A equipa de Silverstone tem tido um desempenho inferior às expectativas nesta época com novos regulamentos, que atiraram a equipa para o nono lugar na classificação de construtores, apenas superando a Williams.
E os resultados parecem não ser muito promissores na próxima metade da época, uma vez que os trabalhos e esforços da equipa já estão inseridos no desenvolvimento do carro do próximo ano.
“Embora tenhamos de continuar a melhorar o desempenho da AMR22 e ainda tenhamos um pequeno grupo de pessoas a trabalhar nele, já virámos as nossas atenções para o AMR23”, disse Krack, citado pelo The Race.
“O nosso foco tem estado no AMR23 há já algum tempo, porque o carro precisa de ter um bom desempenho desde o começo”.
“Uma nova temporada e um novo carro representam a maior oportunidade de avançar para a frente dos nossos rivais”.
De uma perspetiva puramente estatística, os resultados da Aston têm sido dececionantes nesta época.
No entanto, Krack diz que “há mais do que parece” quando se trata de avaliar o desempenho da equipa, insistindo que as atualizações feitas no AMR22 foram bem-sucedidas, embora “simplesmente não o suficiente” para a equipa subir na tabela.
Krack também falou do design da sua radical nova asa traseira que gerou controvérsia no último Grande Prémio da Hungria.
“Fomos erradamente acusados de copiar esta temporada, e a nova asa traseira que trouxemos para o Grande Prémio da Hungria sublinhou a nossa capacidade de inovar, apresentando ideias que os nossos rivais não têm”, esclareceu.
“Muita gente pensa que é fácil apenas desenhar uma nova asa, construí-la e colocá-la no carro.
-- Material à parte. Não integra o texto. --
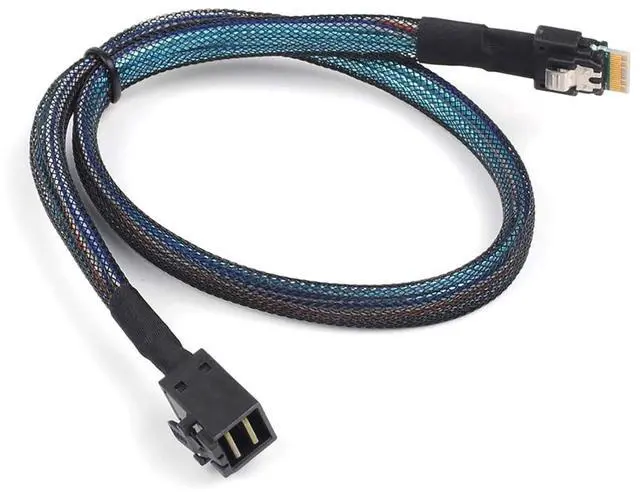 Alt view image 5 of 5 - PCIe 4.0 Slimline SAS SFF 8654 4i 38Pin to Mini SAS HD SFF 8643 Cable \u2013 12Gbps High Speed Server Wire, 30AWG Copper, Black (1m)
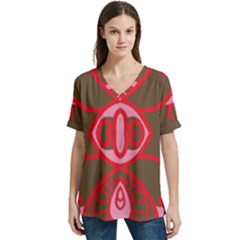 A Red And Brown Design On A White Background V-neck Split Shoulder Casual T-shirt by catchydesignhill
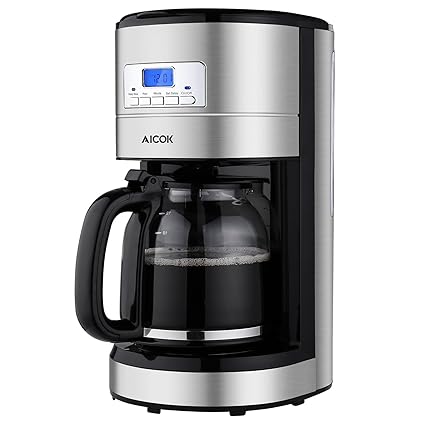 Aicok Coffee Maker, Coffee Maker Machine, Stainless Steel Coffee Maker, Organic Coffee Maker, Coffee Maker Kit, Programmable Coffee Maker with Timer, Coffee Maker 12, Large Coffee Maker.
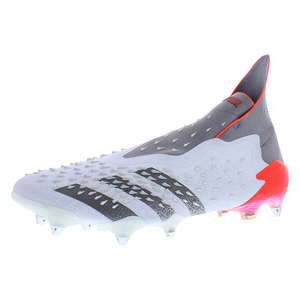 Scarpe da Uomo Adidas Predator Freak + per Terreni Morbidi, Taglia 13, Colore: Bianco Metallic/Iron Metallic/Rosso Solare - Product Image 2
Mas se olharmos para a asa, ou para qualquer das melhorias que trazemos para o carro, a forma como são concebidas, otimizadas, e produzidas, é uma forma de arte”.
“Além disso, não se pode construir apenas uma, é preciso construir três ou quatro para ter o suficiente, tanto para os carros como sobresselentes”.
“Trouxemos um grande pacote de atualizações para o Grande Prémio de Espanha, novos flancos, fundo, cobertura do motor, modificações na suspensão dianteira, mas para entregar peças suficientes a tempo de ambos os carros poderem correr com as novas atualizações foi um esforço extraordinário de todos os membros da equipa”, defendeu Krack.